Flavorwire Staffers On Their First Movie Star Crushes

Movie star crushes: we’ve all had them, though some are certainly more embarrassing than others.  And as comically far-fetched and silly as they may be, there’s something winsome and almost pure about the very first time you crush on a movie star, perhaps before you’re even fully aware that they live in protective bubbles and literally walk through this world on pillows filled with angels’ tears. But I’ve never forgotten mine, and when I polled my Flavorwire colleagues, I found many of them still fondly recalled theirs. (Feel free to add yours in the comments, as long as we’re all confessing.)
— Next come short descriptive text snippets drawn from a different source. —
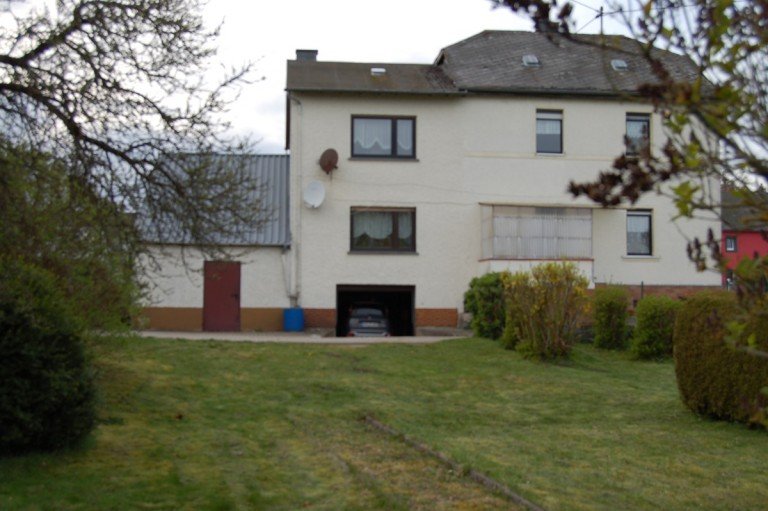 ..IDEAL F�R.. Hirten - Kreuznick Einfamilienhaus GER�UMIGES EINFAMILIENHAUS MIT GARTEN IN DER IDYLLISCHEN EIFEL - ZWISCHEN N�RBURGRING UND MAYEN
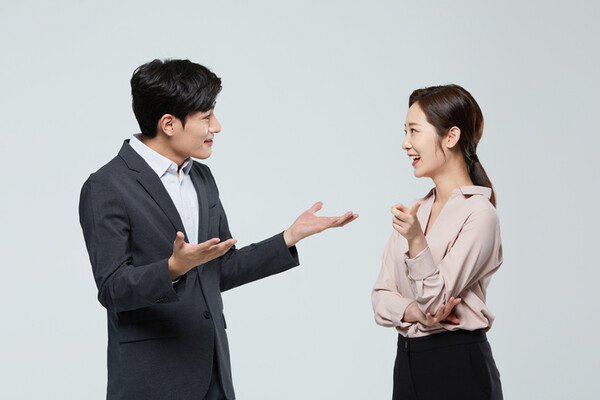 우리 앞에는 두 개의 갈림길이 있는데 하나는 갈등과 상처로 향하는 길이고 다른 하나는 이해와 협력으로 가는 길이다. /게티이미지뱅크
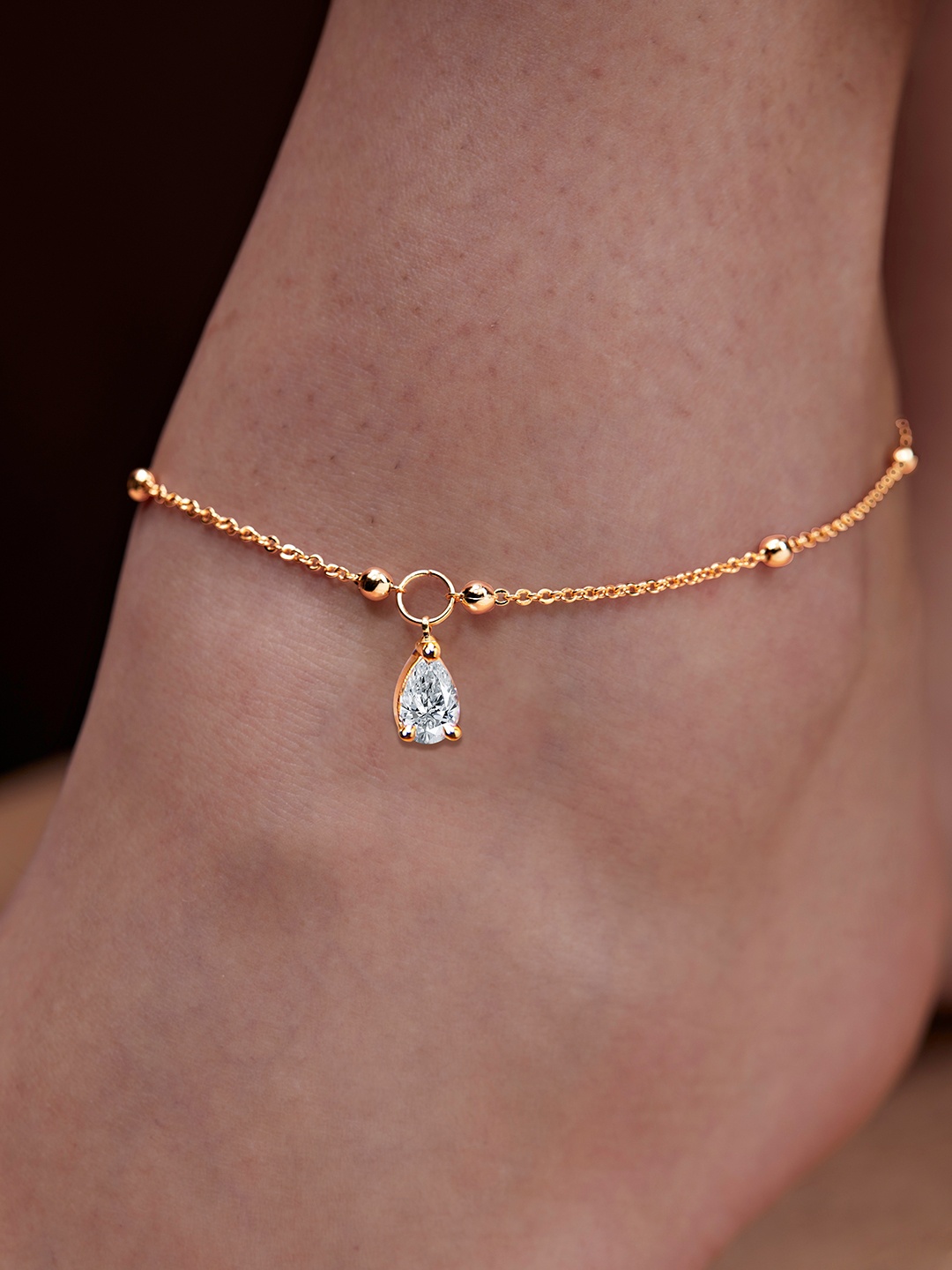 

MINUTIAE Gold Plated Artificial Stones Anklet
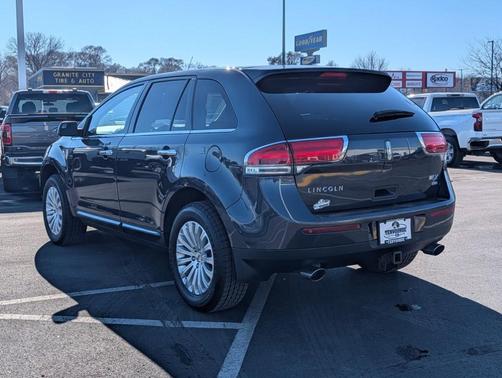 2013 Lincoln MKX Base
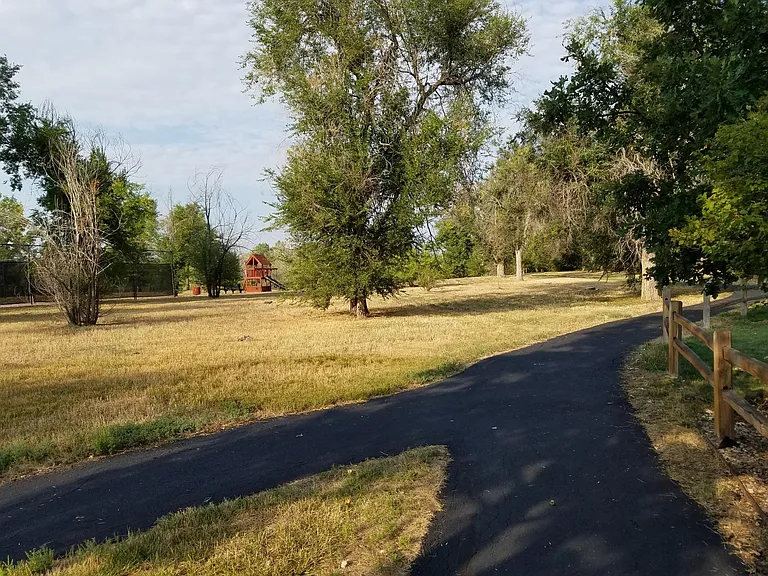 walking paths on HOA grounds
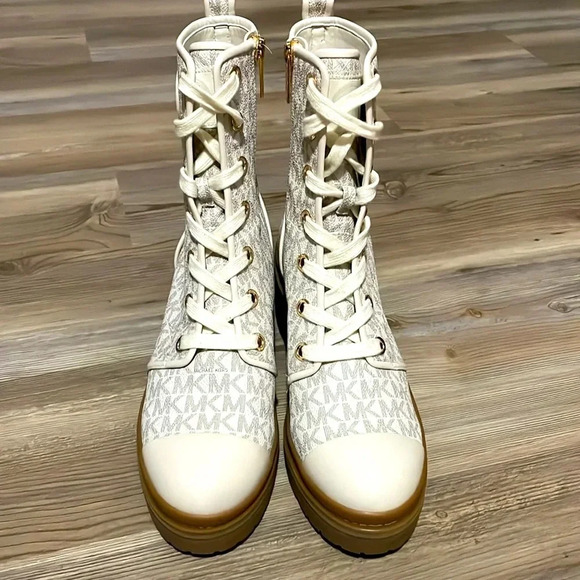 Michael Kors Corey Logo Combat Boot cream & tan Womens size 7.5 Ankle Bootie - Picture 2 of 14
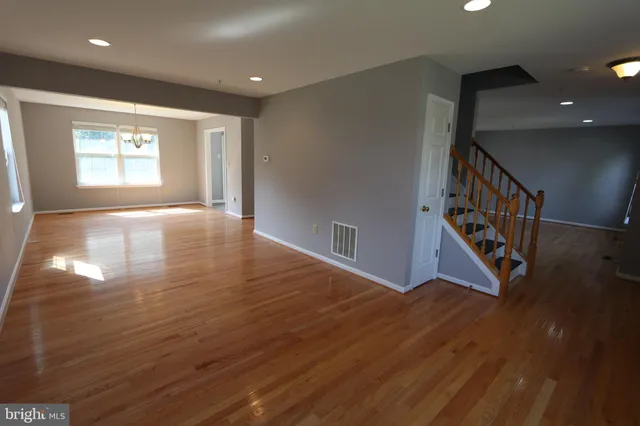 $3,200 | 5213 Zephyr Avenue, Clinton, MD 20735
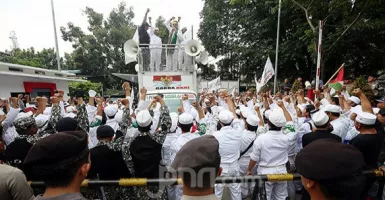 Suara Lantang Amien Rais Sentil Rezim Jokowi, Sebut Habib Rizieq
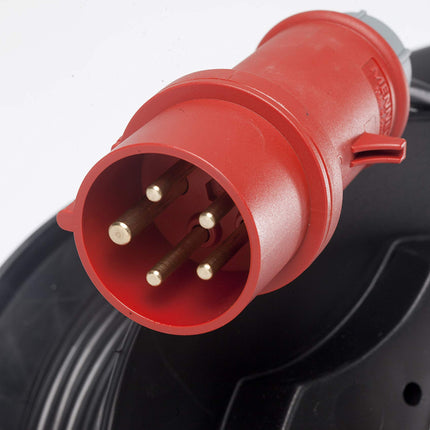 as - Schwabe CEE plastkaablirull 20m H05VV-F 5G1.5 CEE pistikuga 400V, 2 maandatud pistikupesa 230V, 1 CEE pistikupesa 400V, katetega, 16A, 5-kontaktiline, max. 10000W, IP20, valmistatud Saksamaal, 10145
Tom Hanks and Daryl Hannah in "Splash"

Daryl Hannah, Splash

It was the hair that did it. Given what I know about myself now, as a seven-year-old, Daryl Hannah’s mermaid character — named Madison after Madison avenue, and taught English via department store TV sets — likely wooed me more with her hair than with anything else. What seemed a crush soon became something more bizarre and inexplicable: a crush on, er, crimping. Yes, it is the fault of this film that I owned a Barbie with wavy hair that I’d run through water obsessively to capture that ghostly shimmer as it billowed through the sink/tub/whatever. It was the fault of this film that I put my own long hair in tiny braids so that, the next day, it, too, would be wavy like Madison’s. For a while, I thought it was love: and indeed, I was enamored of the character’s surprising firmness despite the foreignness of her situation (I mean, I was seven, so maybe that’s a stretch). But ultimately, I realized, it was a desperate longing for a crimping iron. I got one; then, luckily, soon got over it. —Moze Halperin, Associate Editor


 

Jonathan Taylor Thomas and Chevy Chase in "Man of the House"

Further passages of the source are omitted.